How to select the right IoT database architecture
To choose the best database architecture for an organization's IoT initiative, IoT technologists must understand the basics of all the database options.
Organizations have many options to choose from when designing an IoT database, but technologists must decide the best fit by evaluating the different IoT database architectures, such as static vs. streaming and SQL vs. NoSQL.
The right IoT database depends on the requirements of each IoT project. The first step to select a database is to factor in critical characteristics of IoT when selecting among database architectures. IoT technologists must determine the types of data to be stored and managed; the data flow; the functional requirements for analytics, management and security; and the performance and business requirements.
After identifying the organization's requirements for a database, IT admins must assess the IoT database architectures and how they will promote or inhibit IoT data needs.

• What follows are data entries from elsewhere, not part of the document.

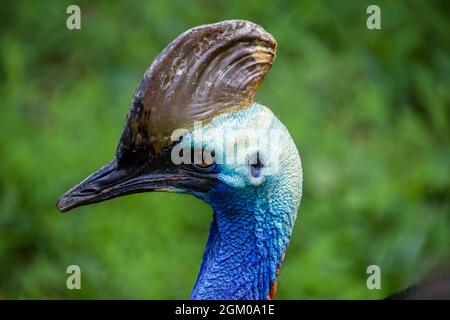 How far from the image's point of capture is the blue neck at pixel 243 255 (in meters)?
3.09

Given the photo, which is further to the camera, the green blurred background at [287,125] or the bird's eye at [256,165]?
the green blurred background at [287,125]

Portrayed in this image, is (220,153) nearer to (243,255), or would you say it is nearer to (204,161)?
(204,161)

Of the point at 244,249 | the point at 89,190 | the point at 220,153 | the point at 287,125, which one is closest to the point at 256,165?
the point at 220,153

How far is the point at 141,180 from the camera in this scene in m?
3.01

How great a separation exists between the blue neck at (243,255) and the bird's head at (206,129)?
0.07 m

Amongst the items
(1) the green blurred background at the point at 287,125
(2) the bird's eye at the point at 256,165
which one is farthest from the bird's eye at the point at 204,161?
(1) the green blurred background at the point at 287,125

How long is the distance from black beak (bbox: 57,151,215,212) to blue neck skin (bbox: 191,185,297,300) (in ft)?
0.30

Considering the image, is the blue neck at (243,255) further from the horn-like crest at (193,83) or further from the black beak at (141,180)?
the horn-like crest at (193,83)

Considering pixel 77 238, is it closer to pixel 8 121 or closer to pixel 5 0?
pixel 8 121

Understand static and streaming IoT database architectures
Start by understanding the fundamental distinction between static and streaming databases. Static databases, also known as batch databases, manage data at rest. Data that users need to access resides as stored data managed by a database management system (DBMS). Users make queries and receive responses from the DBMS, which typically, but not always, uses SQL. A streaming database handles data in motion. Data constantly streams through the database, with a continuous series of posed queries, typically in a language specific to the streaming database. The streaming database's output may ultimately be stored elsewhere, such as in the cloud, and accessed via standard query mechanisms.
Streaming databases are typically distributed to handle the scale and load requirements of vast volumes of data. Currently, there are a range of commercial, proprietary and open source streaming databases, including Google Cloud Dataflow, Microsoft StreamInsight, Azure Stream Analytics, IBM InfoSphere Streams and Amazon Kinesis. Open source systems are largely based around Apache and include Apache Spark Streaming provided by Databricks, Apache Flink provided by Data Artisans, Apache Kafka provided by Confluent and Apache Storm, which is owned by Twitter. Organizations mainly use streaming databases for real-time decision-making and to meet near-instantaneous latency requirements.
However, organizations can still benefit from standard query techniques and schemas, which is why many streaming databases also include a static database component. These unified databases combine the best of both worlds of streaming and static databases, because they support both the real-time capabilities of a streaming database and the flexibility of a static database's query process and schema. The best database for most IoT applications is a unified database that combines both streaming and static capabilities. Most popular vendors' databases include both types of databases for this reason.
Explore more nuanced database architectures
Time series databases are, in many respects, based on the same technology as streaming databases, but both were developed with a slightly different focus. Time series databases are more tactical. They typically involve implanting specific indexing techniques over NoSQL databases with the goal of enabling high-performance event processing. Streaming databases are more comprehensive, enabling a broader portfolio of data analyses, such as machine learning or windowing.
SQL vs. NoSQL?
SQL databases are relational and feature static schemas that describe how the information is organized. This makes them highly manageable. However, they run into issues scaling effectively. NoSQL databases are nonrelational, don't have schemas, and are generally promoted as highly scalable and better performing than SQL databases.
Some tech professionals might think that a NoSQL database would be the obvious choice because scalability is essential for many IoT uses. But scalability and performance are only two factors that technologists need to consider when selecting databases. A critical factor in many scenarios is ease of integration into existing systems, where SQL is more effective. Many IoT tools and systems assume SQL. This is particularly true in industrial environments that are based on older message protocols or industrial automation platforms.
The ability to create and manage schemas is also a plus. Although technologists might find schema development to be constraining, information must be organized. Putting in the effort to develop schemas up front saves significant effort later to organize data in a non-schema environment.
Organizations may also find combining static and streaming databases challenging when including the choice between SQL and NoSQL. In theory, a static or streaming database could be either SQL or NoSQL. In practice, databases are specifically set to one or the other. IoT technologists interested in a particular unified database may find their SQL vs. NoSQL decision driven by the design of the database.
Whether an organization should choose a SQL or NoSQL database depends on the broader set of functional and technical requirements, particularly scalability, performance and the need to integrate into legacy systems.